Il faut dire que le chœur de La Capella Nacional de Catalunya démontre ce soir des trésors de rigueur, de souplesse et surtout, d’énergie. Le public est visiblement conquis par tant de dynamisme, dynamisme qui cependant ne manque ni de la rigueur, ni de la souplesse exigée par l’œuvre. Réparties en demi-cercle tout autour de la scène, les voix se répondent avec précision et clarté dans le Kyrie, impressionnantes ensuite dans la chevauchée du Gloria où elles donnent vie à la musique dans un éclatement de couleurs dû à la richesse de ses contrastes, éclatement qui d’ailleurs, n’enlève rien à l’intensité et à la tension, même dans les moments les plus piani, empreints de grande délicatesse.
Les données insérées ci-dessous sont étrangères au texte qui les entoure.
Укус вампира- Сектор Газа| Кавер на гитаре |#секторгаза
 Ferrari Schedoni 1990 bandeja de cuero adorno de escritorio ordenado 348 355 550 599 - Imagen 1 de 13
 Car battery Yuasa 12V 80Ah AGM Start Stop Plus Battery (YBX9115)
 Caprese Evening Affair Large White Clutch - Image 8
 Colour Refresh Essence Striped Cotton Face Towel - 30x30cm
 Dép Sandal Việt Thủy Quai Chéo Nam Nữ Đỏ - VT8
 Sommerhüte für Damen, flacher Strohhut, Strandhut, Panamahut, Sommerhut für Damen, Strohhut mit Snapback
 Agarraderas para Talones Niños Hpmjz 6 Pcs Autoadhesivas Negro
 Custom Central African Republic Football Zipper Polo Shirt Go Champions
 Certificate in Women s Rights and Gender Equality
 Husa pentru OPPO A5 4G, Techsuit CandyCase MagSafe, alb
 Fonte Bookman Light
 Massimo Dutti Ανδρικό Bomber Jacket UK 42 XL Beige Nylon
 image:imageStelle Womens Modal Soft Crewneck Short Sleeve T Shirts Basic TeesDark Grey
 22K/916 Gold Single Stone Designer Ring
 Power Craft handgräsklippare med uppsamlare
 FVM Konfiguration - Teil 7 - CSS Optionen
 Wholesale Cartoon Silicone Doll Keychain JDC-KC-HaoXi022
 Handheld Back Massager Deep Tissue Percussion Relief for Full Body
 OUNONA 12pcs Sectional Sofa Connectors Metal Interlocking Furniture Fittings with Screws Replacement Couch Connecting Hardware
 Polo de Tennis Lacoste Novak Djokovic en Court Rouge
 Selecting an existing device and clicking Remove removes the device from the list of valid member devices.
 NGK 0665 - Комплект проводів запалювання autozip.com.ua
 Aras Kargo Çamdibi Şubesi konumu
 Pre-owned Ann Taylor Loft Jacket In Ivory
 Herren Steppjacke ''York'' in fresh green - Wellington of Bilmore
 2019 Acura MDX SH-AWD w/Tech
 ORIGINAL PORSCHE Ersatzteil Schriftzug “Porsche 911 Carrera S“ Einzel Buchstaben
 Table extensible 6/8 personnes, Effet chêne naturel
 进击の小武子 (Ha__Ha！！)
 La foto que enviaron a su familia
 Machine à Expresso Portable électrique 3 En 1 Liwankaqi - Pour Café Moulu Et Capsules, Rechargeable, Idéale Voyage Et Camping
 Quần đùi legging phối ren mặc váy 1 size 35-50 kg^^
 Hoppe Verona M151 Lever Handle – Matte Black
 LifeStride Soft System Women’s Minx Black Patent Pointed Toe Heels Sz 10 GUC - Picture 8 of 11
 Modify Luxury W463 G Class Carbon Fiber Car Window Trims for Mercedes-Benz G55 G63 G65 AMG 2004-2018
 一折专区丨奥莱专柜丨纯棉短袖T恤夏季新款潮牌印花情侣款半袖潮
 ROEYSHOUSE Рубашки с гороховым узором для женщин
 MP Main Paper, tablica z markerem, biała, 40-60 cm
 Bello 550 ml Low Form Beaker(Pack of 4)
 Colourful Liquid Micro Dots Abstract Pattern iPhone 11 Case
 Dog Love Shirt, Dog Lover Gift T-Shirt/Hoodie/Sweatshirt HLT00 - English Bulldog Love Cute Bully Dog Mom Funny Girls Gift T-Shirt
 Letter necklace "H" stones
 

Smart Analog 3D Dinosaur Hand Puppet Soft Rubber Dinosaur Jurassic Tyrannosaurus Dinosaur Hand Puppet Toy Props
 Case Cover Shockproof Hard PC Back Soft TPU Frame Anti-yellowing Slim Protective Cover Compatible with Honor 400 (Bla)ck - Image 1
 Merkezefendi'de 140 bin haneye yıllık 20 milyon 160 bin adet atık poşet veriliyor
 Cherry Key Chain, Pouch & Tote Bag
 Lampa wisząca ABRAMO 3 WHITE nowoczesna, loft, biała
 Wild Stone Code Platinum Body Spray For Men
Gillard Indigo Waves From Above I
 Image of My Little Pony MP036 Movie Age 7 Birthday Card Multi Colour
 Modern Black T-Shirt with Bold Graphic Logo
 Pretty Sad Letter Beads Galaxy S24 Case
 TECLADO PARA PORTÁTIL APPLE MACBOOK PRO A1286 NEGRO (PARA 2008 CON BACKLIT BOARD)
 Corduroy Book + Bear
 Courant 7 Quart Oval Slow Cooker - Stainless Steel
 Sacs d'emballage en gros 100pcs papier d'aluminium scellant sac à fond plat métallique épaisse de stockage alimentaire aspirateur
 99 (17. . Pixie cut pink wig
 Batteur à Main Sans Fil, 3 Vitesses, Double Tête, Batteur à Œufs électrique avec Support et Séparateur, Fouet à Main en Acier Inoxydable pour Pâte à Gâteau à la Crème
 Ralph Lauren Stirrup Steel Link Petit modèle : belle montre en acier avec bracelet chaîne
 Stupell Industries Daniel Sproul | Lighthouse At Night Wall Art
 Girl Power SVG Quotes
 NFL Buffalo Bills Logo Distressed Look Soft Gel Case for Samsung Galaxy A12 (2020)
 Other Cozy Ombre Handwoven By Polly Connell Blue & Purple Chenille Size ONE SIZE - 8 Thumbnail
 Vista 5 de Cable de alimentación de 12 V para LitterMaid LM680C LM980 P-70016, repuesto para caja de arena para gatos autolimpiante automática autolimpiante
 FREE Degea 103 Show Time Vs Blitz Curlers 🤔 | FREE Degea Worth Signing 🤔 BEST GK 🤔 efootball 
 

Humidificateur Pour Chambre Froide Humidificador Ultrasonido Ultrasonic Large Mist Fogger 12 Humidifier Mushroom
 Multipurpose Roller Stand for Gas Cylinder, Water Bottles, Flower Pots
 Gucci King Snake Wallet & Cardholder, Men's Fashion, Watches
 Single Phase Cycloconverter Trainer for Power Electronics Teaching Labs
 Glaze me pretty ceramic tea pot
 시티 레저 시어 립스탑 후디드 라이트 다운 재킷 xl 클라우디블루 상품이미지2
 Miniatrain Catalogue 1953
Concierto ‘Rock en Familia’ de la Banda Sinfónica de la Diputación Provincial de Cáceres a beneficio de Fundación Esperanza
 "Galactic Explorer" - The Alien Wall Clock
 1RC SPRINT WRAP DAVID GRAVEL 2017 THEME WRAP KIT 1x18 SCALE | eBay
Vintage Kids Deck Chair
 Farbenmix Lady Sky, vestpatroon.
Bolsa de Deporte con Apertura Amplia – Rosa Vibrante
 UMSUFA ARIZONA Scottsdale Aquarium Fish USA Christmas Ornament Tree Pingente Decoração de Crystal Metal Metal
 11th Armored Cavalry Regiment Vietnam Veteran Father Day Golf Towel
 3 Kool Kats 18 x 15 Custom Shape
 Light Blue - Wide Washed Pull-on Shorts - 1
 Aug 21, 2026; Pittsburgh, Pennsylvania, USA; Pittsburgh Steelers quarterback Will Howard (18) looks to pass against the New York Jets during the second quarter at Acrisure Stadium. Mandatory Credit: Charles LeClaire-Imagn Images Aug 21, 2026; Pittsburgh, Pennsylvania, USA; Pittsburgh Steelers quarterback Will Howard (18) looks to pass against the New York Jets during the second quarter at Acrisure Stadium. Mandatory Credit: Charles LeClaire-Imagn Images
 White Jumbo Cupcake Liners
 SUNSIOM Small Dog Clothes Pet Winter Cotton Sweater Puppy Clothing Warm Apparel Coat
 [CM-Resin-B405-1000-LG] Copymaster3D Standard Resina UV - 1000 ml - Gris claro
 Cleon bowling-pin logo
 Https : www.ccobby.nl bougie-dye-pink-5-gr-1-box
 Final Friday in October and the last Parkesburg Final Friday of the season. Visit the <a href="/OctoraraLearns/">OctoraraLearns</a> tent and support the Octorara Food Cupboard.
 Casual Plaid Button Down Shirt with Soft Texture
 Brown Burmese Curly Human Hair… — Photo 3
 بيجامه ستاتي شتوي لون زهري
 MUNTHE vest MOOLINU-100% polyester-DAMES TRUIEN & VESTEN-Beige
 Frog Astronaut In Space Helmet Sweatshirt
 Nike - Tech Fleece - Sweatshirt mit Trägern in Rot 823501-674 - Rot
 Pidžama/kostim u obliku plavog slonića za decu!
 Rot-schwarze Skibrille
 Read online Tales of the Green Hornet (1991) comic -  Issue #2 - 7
Le Concert des Nations lui aussi se caractérise par une grande expressivité dans la moindre vibration, demeurant cependant dans la netteté et surtout, persévérant la solidité fondamentale nécessaire à l’interprétation. Jordi Savall opte quant à lui pour une direction à la fois fluide, leste, précise et directe, simple en apparence même dans son détail et son raffinement, lui-même étant presque imperturbable, laissant la musique parler d’elle-même sans la contraindre.
Les solistes ne sont pas en reste et chacun démontre, à sa façon, un bon travail de précision. La soprano Lina Johnson possède une voix dont elle veille, avec attention, à la souplesse et à la justesse, par ailleurs lumineuse, dotée d’une belle clarté qui se mêle aisément au mezzo-soprano d’Olivia Vermeulen et à son timbre plutôt cuivré. Cette dernière développe par ailleurs un chant souple et rond, précis et joliment contrasté dans un équilibre bien maîtrisé.
Quant aux voix d’hommes, le ténor Martin Platz propose une ligne de chant assez nette et dont il veille toujours, avec application, particulièrement concentré, à ce qu’elle demeure ainsi, pour un timbre très éclairé qui entre en harmonie avec celui des autres solistes. Enfin, Manuel Walser démontre un baryton de bonne tenue, contrasté de nuances elles aussi assez claires, dans une voix assez épaisse qui au moment de l’Agnus Dei, semble entièrement emportée par la musique.
Agnus Dei dont le chœur reprend avec grandeur, en écho, le « miserere nobis », avant de s’arrêter enfin sur « dona nobis pacem » et sur ces derniers mots, la messe de Beethoven s’achève et le public explose à son tour en applaudissements qui n’en finissent pas, d’autant plus que Jordi Savall veille à ce que chacun des interprètes et groupes d’interprètes, dans l’orchestre et les chœurs, soit remercié et applaudi comme il se doit.
La Grande Salle Pierre Boulez se vide ensuite et finalement, le public s’en retourne dans la claire nuit de mai, l’esprit encore plein de toutes les notes de Beethoven.